Retired Dallas police detective Jim Leavelle still gets letters from strangers because of that 1963 photo of him standing next to Lee Harvey Oswald.
Handcuffed To Oswald
In the famous photo from Nov. 24, 1963, Lee Harvey Oswald, assassin of President John F. Kennedy, reacts as Dallas night club owner Jack Ruby, foreground, shoots at him a corridor of the police headquarters. At left, is Detective Jim Leavelle.Bob Jackson / AP
/ Source: The Associated Press

Retired Dallas police detective Jim Leavelle still gets letters from strangers because of that 1963 photo of him standing next to Lee Harvey Oswald.

You know — THAT photo.

"Most just want autographs," Leavelle said. "One asked what effect the Kennedy assassination had on my life. The usual."

As the nation marks the 45th anniversary Saturday of the Kennedy assassination, the 88-year-old Leavelle remains one of the investigation's most famous figures.

Standing out in his tan suit and matching Resistol cowboy hat on Nov. 24, 1963, Leavelle was handcuffed to Oswald when Jack Ruby fired his .38-caliber pistol in an attack immortalized in the famous photo from the basement of Dallas police headquarters.

Leavelle leans back, his eyebrows furrowed and face stunned. Oswald grimaces. To the right, Ruby leans in and is still pointing his gun at Kennedy's assassin.

Face known worldwide
The photo made Leavelle's face known worldwide, and began a lifetime of explaining how he ended up handcuffed to Oswald more times than he can count.

"How many hairs are on a dog's back?" Leavelle said this week after another retelling at The Sixth Floor Museum in Dallas.

The story begins the same each time: Leavelle didn't even have an assignment when Kennedy's motorcade came through Dallas.

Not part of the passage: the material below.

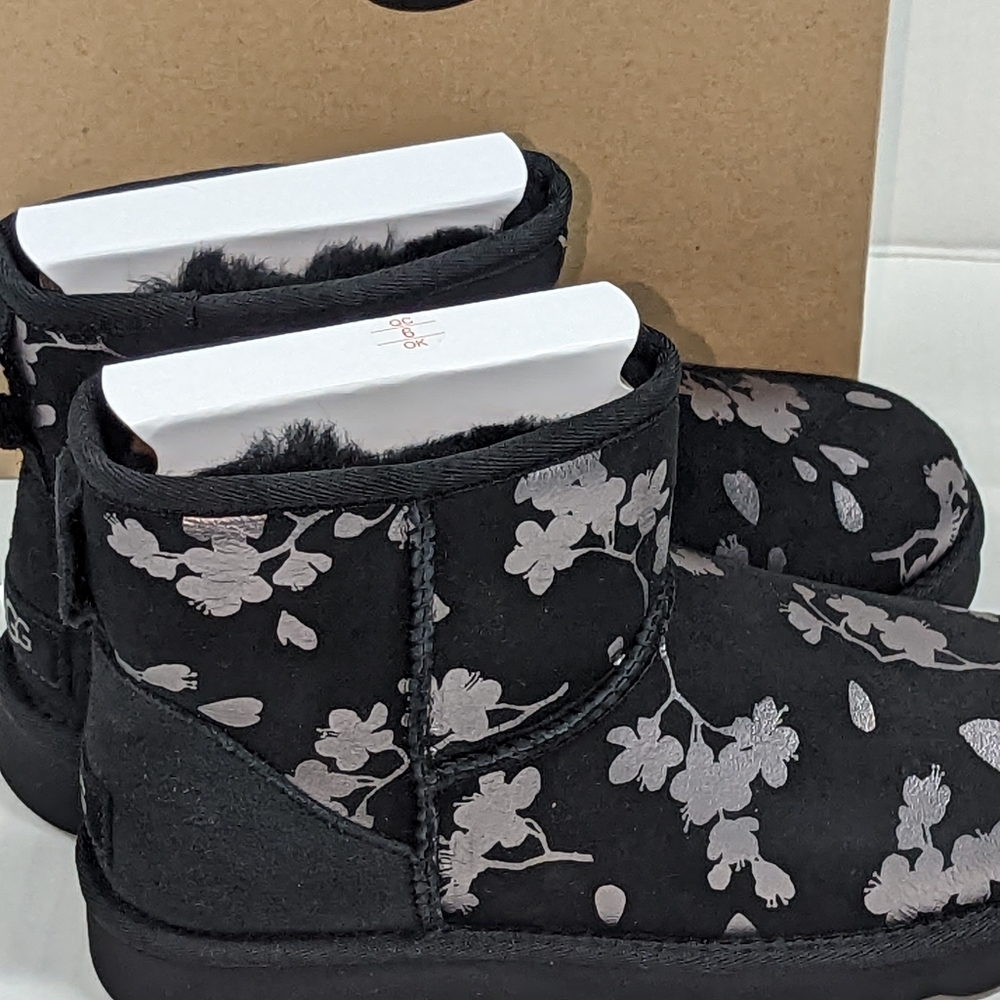 Ugg Australia Women's Classic Mini Floral Foil Boot Size 6.0 7.0 - Picture 2 of 8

But once word reached police headquarters that Kennedy had been shot, Leavelle made his way to the Texas School Book Depository to collect statements. He wasn't there long before hearing on a police radio that an officer had been shot in the nearby neighborhood of Oak Cliff.

The detective volunteered immediately to investigate. The death of Dallas police officer J.D. Tippit — who Oswald shot after fleeing downtown following the assassination — later put Oswald in an interrogation room with Leavelle.

The two didn't get much time together. At least not until two days later, when Leavelle escorted Oswald out of Dallas police headquarters to be taken to the county jail.

Dozens of threats on Oswald's life had poured in. Before stepping out into a crowded basement of reporters, Leavelle took out his handcuffs and locked one cuff on his left forearm. The other he snapped on Oswald's right wrist.

Joke made Oswald smile
"I said to Lee, if someone shoots at you, I hope they're as good a shot as you are," Leavelle said. "He smiled. I think it was the only time he did."

Leavelle saw the gun in Ruby's hand right away. He tried to jerk Oswald behind him, but that wound up only exposing Oswald's body even more. Later, he was able to move the bullet lodged under Oswald's skin with his finger.

Leavelle doesn't believe in conspiracy theories. He said the number of people who claimed to have been on the grassy knoll when Kennedy was shot could fill the Cotton Bowl. And his ready quip about the photo? "I started to ask them to take it over. I didn't like the look of it."

He usually does television interviews in the five- and 10-year anniversaries of the assassination, including some overseas. Fewer requests came this year. But Leavelle knows why they always ask.

"The American people like a mystery," Leavelle said. "They don't like anything cut-and-dry."